→ TASK TO COMPLETE:
The entries below must be retyped exactly. Pictures are to be omitted.

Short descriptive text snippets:
════════════════════
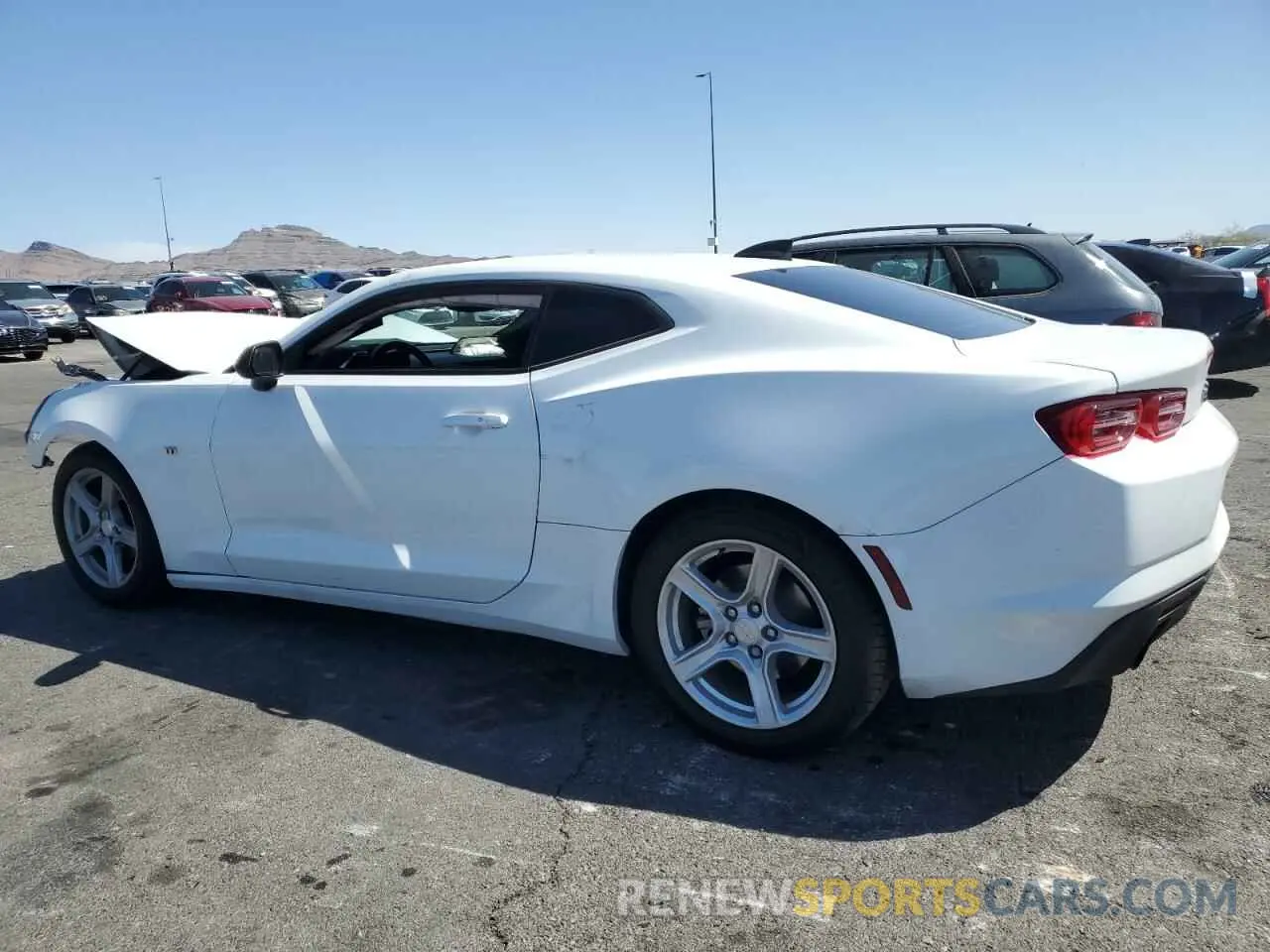 2 fotografías del automóvil dañado 1G1FB1RX5L0136826 CHEVROLET CAMARO 2020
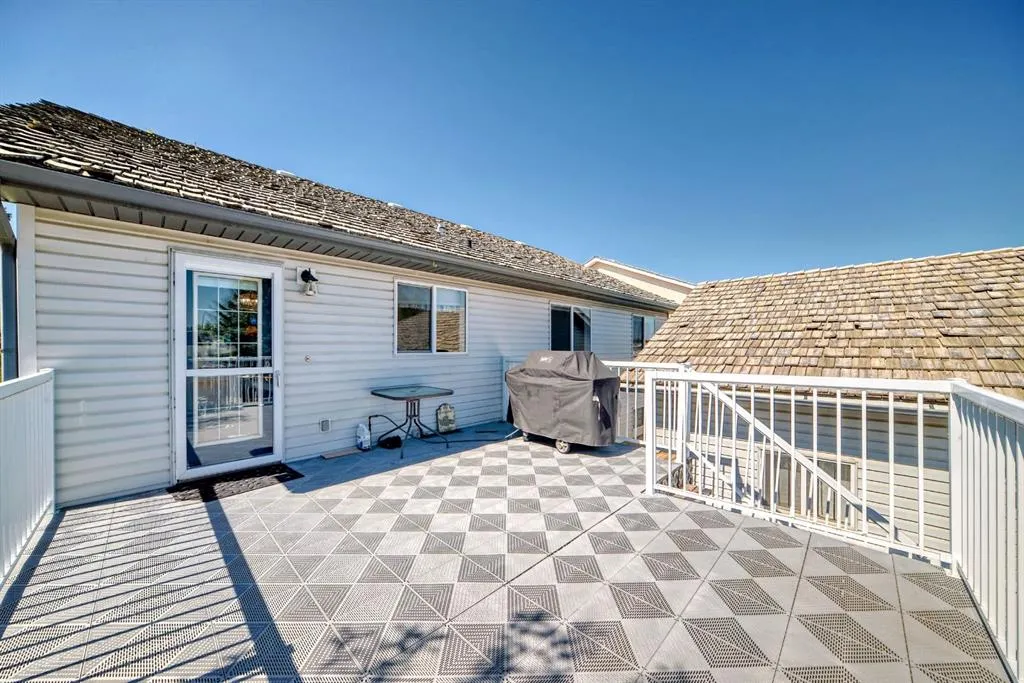 21 Strathmore Lakes Way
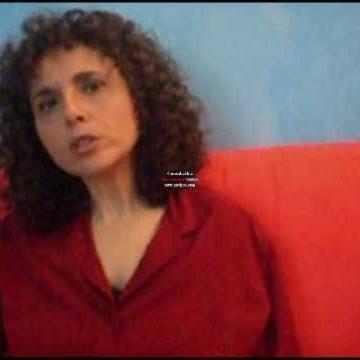 Scrittrice, giornalista de l'Unità, autrice della rubrica Liberi tutti, scrive di cultura, politica, attualità.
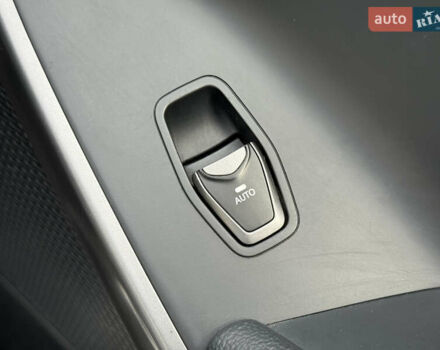 Белый Хендай Санта Фе, объемом двигателя 2.2 л и пробегом 167 тыс. км за 17450 $, фото 49 на Automoto.ua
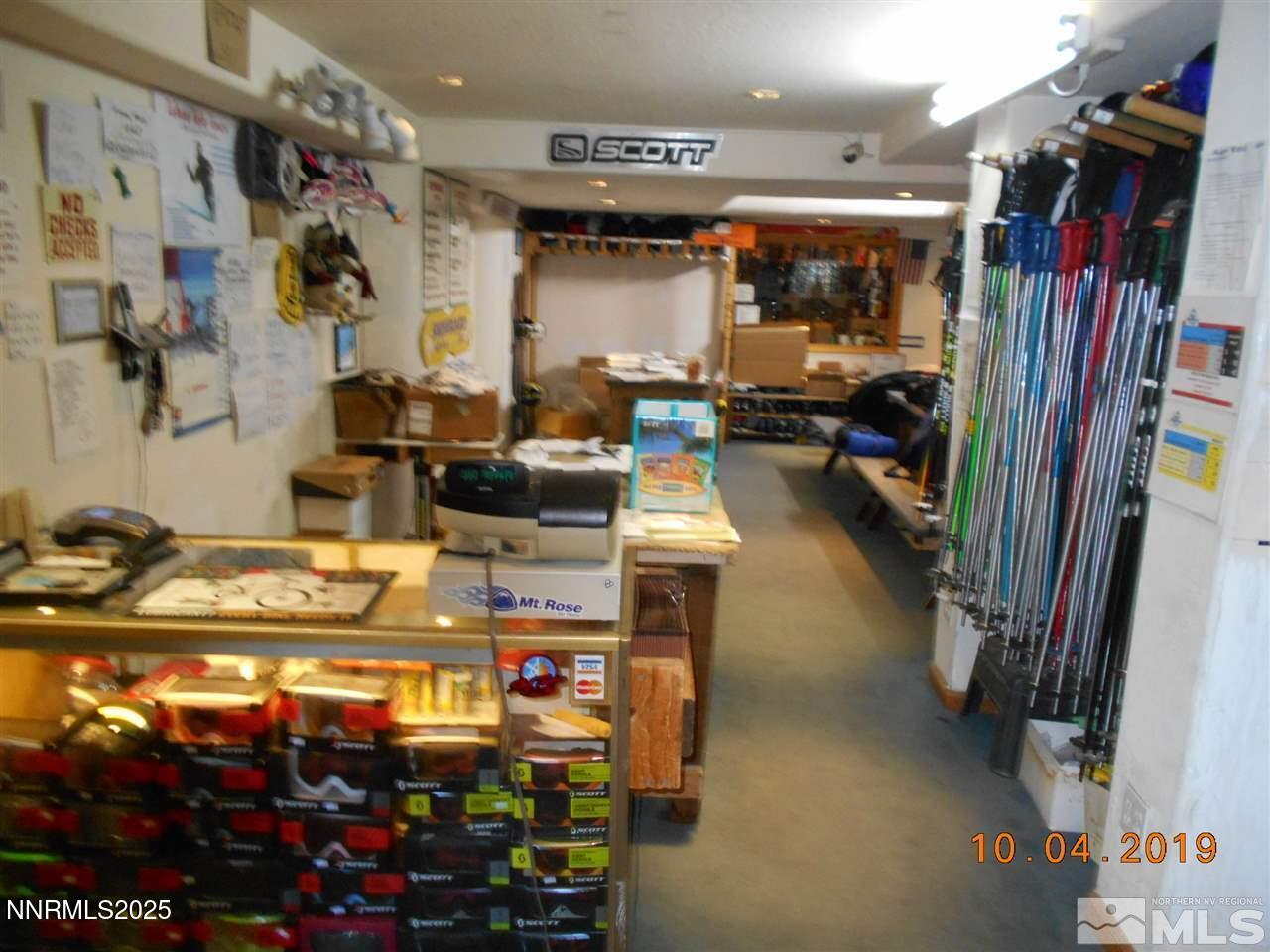 11000 Mount Rose Highway Property Photo 19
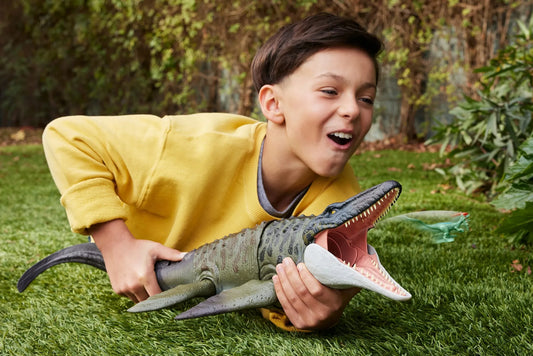Jurassic World Rebirth didelė dinozauro figūrėlė – mosazauro puolimas nasrais, 65 cm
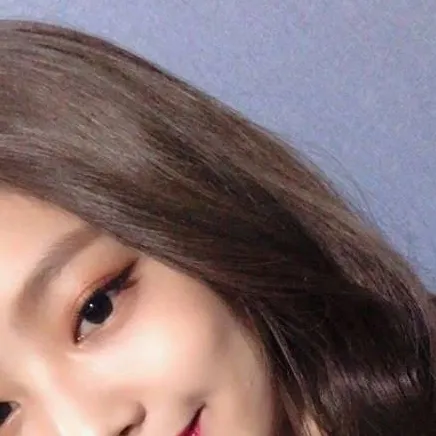 chat with ai character: JENNIE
════════════════════
→ TASK SOLUTION:
 2 fotografías del automóvil dañado 1G1FB1RX5L0136826 CHEVROLET CAMARO 2020
 21 Strathmore Lakes Way
 Scrittrice, giornalista de l'Unità, autrice della rubrica Liberi tutti, scrive di cultura, politica, attualità.
 Белый Хендай Санта Фе, объемом двигателя 2.2 л и пробегом 167 тыс. км за 17450 $, фото 49 на Automoto.ua
 11000 Mount Rose Highway Property Photo 19
Jurassic World Rebirth didelė dinozauro figūrėlė – mosazauro puolimas nasrais, 65 cm
 chat with ai character: JENNIE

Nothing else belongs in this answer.